Transport through an Anderson impurity: Current ringing, non-linear magnetization and a direct comparison of continuous-time quantum Monte Carlo and hierarchical quantum master equations

TL;DR

This paper compares the hierarchical quantum master equation and continuous-time quantum Monte Carlo methods for nonequilibrium transport in an Anderson impurity, highlighting their efficiencies, limitations, and physical insights into current ringing and magnetization dynamics.

Contribution

It provides a detailed comparison of HQME and CT-QMC methods, demonstrating the applicability of HQME for nonequilibrium impurity problems and analyzing complex dynamical phenomena.

Findings

HQME scales linearly with simulation time but exponentially with decreasing temperature.

CT-QMC is efficient at short times and higher temperatures but becomes costly at longer times.

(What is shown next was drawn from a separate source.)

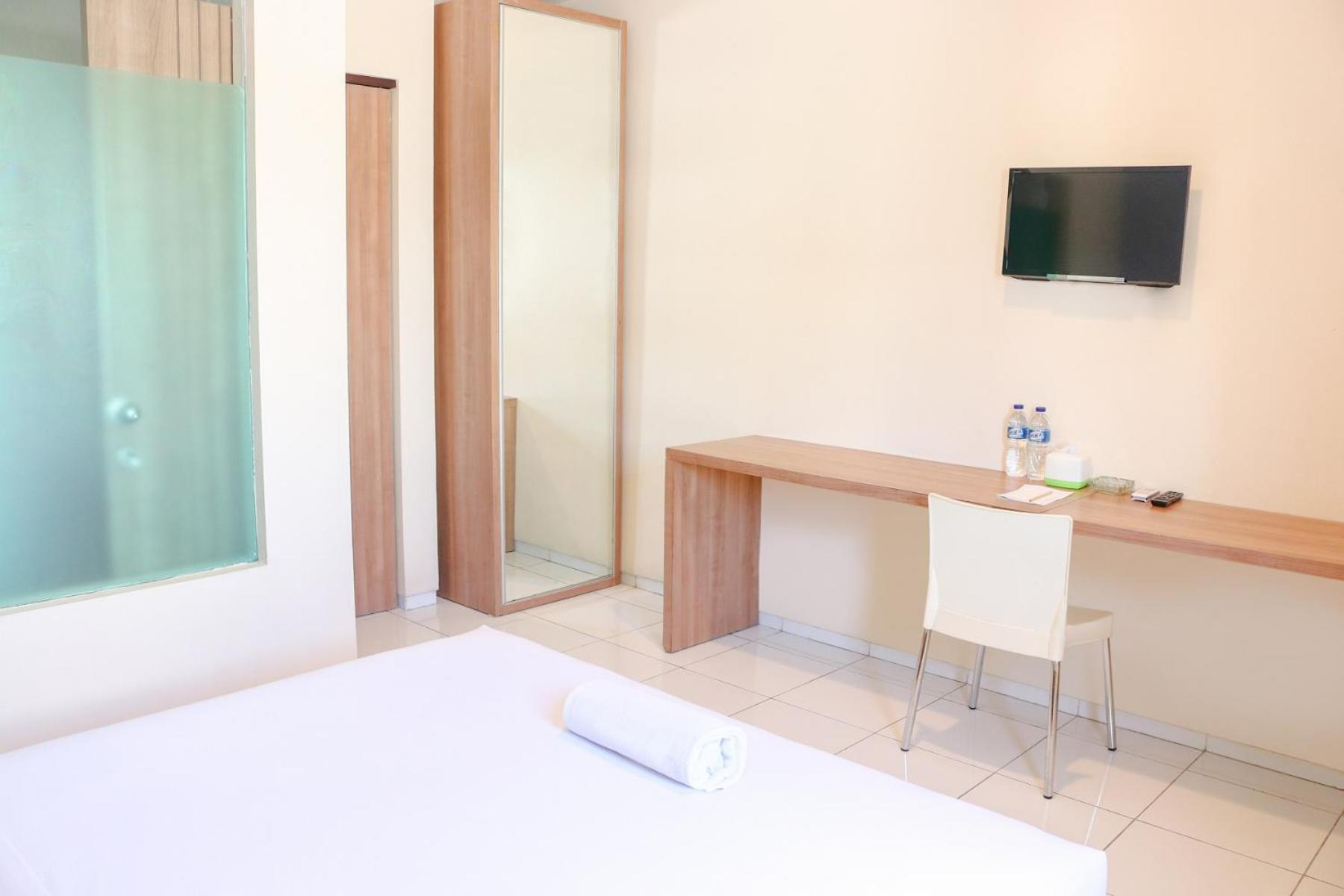 Legreen Suite Waihaong 15/32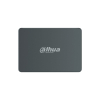 Dahua Technology SSD-C800AS2TB 2 TB 2.5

The study reveals non-linear magnetization dynamics and current ringing phenomena.

Abstract

We give a detailed comparison of the hierarchical quantum master equation (HQME) method to a continuous-time quantum Monte Carlo (CT-QMC) approach, assessing the usability of these numerically exact schemes as impurity solvers in practical nonequilibrium calculations. We review the main characteristics of the methods and discuss the scaling of the associated numerical effort. We substantiate our discussion with explicit numerical results for the nonequilibrium transport properties of a single-site Anderson impurity. The numerical effort of the HQME scheme scales linearly with the simulation time but increases (at worst exponentially) with decreasing temperature. In contrast, CT-QMC is less restricted by temperature at short times, but in general the cost of going to longer times is also exponential. After establishing the numerical exactness of the HQME scheme, we use it to elucidate the influence of different ways to induce transport through the impurity on the initial dynamics, discuss the phenomenon of coherent current oscillations, known as current ringing, and explain the non-monotonic temperature dependence of the steady-state magnetization as a result of competing broadening effects. We also elucidate the pronounced non-linear magnetization dynamics, which appears on intermediate time scales in the presence of an asymmetric coupling to the electrodes.